Many parents and their children have these two lines from a popular children’s show tattooed in their brain: “Can you tell me how to get, how to get to Sesame Street?” What’s the answer? Veer left, but occasionally shift right. “Sesame Street” has recently been a big trending topic, courtesy of syndicated columnist Ben Shapiro. His new book, “Primetime Propaganda,” has blown the lid off of the Hollywood left’s political agenda with our favorite TV shows. Through a series of surprisingly candid interviews, he’s proven without a shadow of a doubt that many TV writers, producers and executives were more than eager to force their radical views down our throats.

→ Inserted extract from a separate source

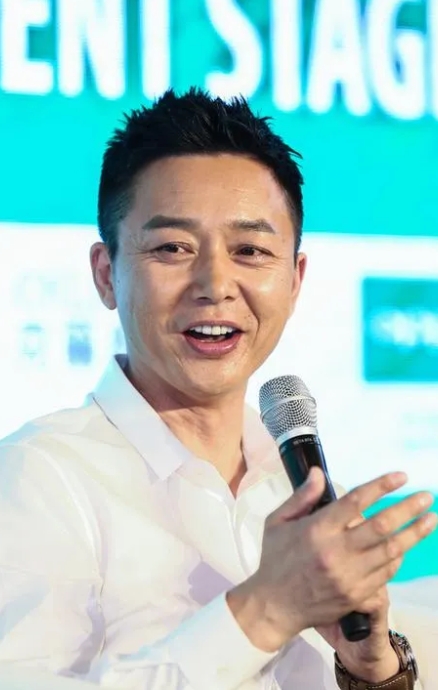 2001年，刘奕君看着铁了心要离婚的妻子说：我同意离婚，不过我有一个要求，等他说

With respect to “Sesame Street,” Mr. Shapiro interviewed one of the show’s founding executives, Mike Dann. He told Mr. Shapiro that this program “was not made for the sophisticated or the middle class.” For example, Grover had a skit with a hippie in an early episode, and Oscar the Grouch’s trash can was supposed to explain “conflicts arising from racial and ethnic diversity.” Mr. Shapiro also wrote, ‘Sesame Street’ tried to tackle divorce, tackled ‘peaceful conflict resolution’ in the aftermath of Sept. 11, 2001, and had Neil Patrick Harris on the show playing the subtly-named ‘fairy shoeperson.’ “

Although Mr. Shapiro’s analysis of “Sesame Street” only consists of one page in his 416-page tome, his description of the show’s apparent brainwashing techniques has been an eye-opening experience. The liberal media was shocked - shocked - when they caught wind of Mr. Dann’s comments. Popular characters like Ernie, Bert, Big Bird, Kermit the Frog and Cookie Monster are radical subversives? Say it ain’t so.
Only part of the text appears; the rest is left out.